Companies have already begun to work out their exposure to political parties in the 2014 general elections. Two corporate groups, Vedanta and Mahindra, have been first off the block to set up their electoral trust companies. The two entities — Janhit Electoral Trust and Mahindra Electoral Trust Company — were registered in August and December 2013, respectively, to make political donations, data bank of the ministry of corporate affairs shows.
While Janhit Electoral Trust was set up on August 8 in Tamil Nadu by the Vedanta Group, Mahindra Electoral Trust Company was set up as recent as December 9 in Maharshtra by Mahindra & Mahindra, as per the ministry.
Sources said that many big corporate houses, including the Tata Group, are in the fray to register as electoral trust company to avail of the tax benefits for political donations.
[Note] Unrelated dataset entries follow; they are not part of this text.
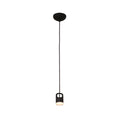 ג'ינגל JINGLE תליה LED 5W - שחור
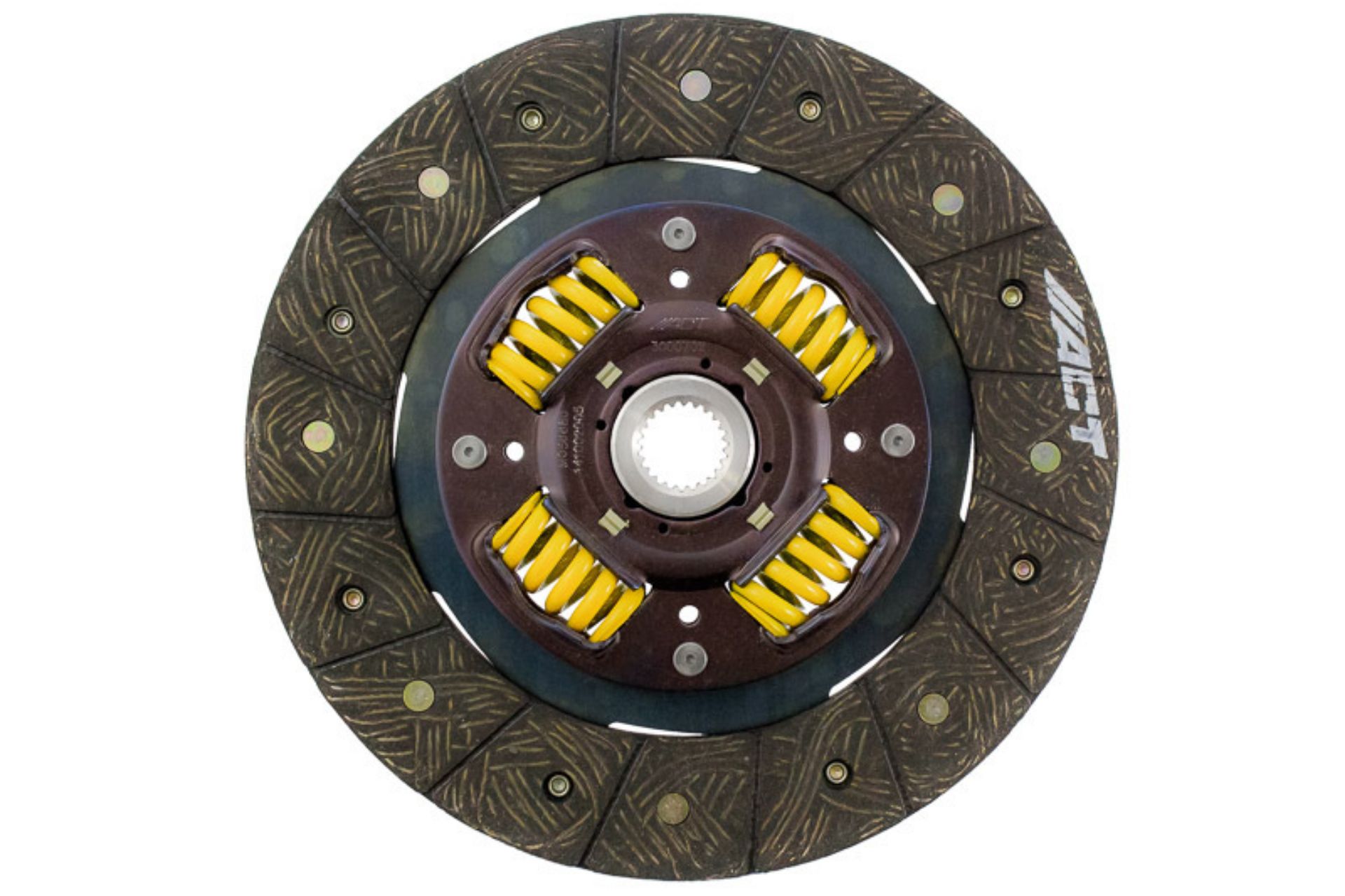 Picture of ACT 2007 Audi A3 Perf Street Sprung Disc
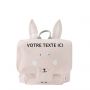 Cartable Maternelle 29 cm Lapine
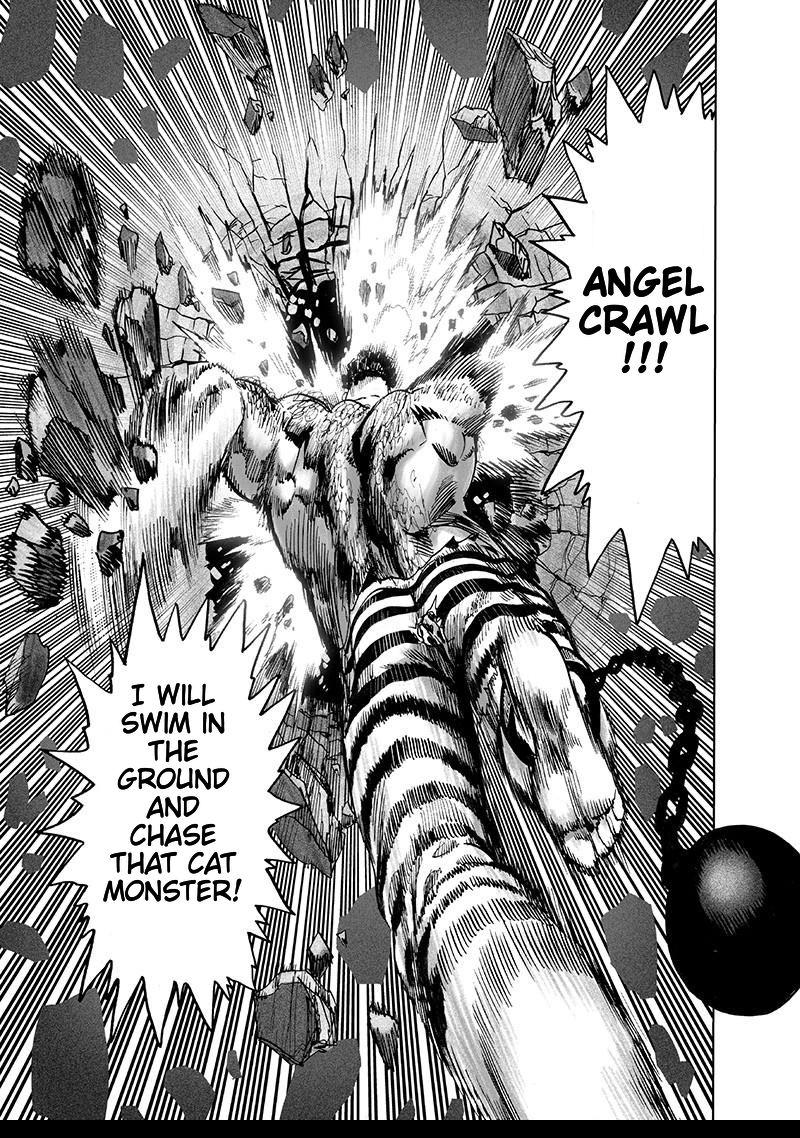 One-punch Man - episode 172 - 36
The companies are disbanding their existing trusts to form these new companies.
These trusts will have to disclose the details of the amount contributed by them to any political party during the financial year.
“However, the group companies setting up such Section 25 firms will not have to disclose the name of the parties and amount contributed to them. It has been decided by the ministry that original company’s contribution would not reflect the name of political parties who are beneficiaries of donations made by them,” a government official told The Indian Express.
The development comes along with the recent notification whereby the ministry has done away with the ceiling on political funding by firms.
This paves way for funding by companies, which have been in existence for less than three years, overruling an earlier pre-condition.
The ministry, too, has amended its name availability guidelines to allow companies to set up non-profit companies, calling them electoral trust, after the Central Board of Direct Taxes launched electoral trust scheme in January 2013 to usher in transparency in corporate funding to the political parties.
Under the scheme, those contributing to such trusts are entitled to 100 per cent tax deduction but only when the electoral trusts distribute 95 per cent of their annual contribution to eligible political parties.
In order to reform the system of funding of political parties, the UPA government had, in its 2009 Budget, extended tax breaks for electoral trusts.
Prior to 2009, corporates did not get any tax breaks on contributions made to electoral trusts.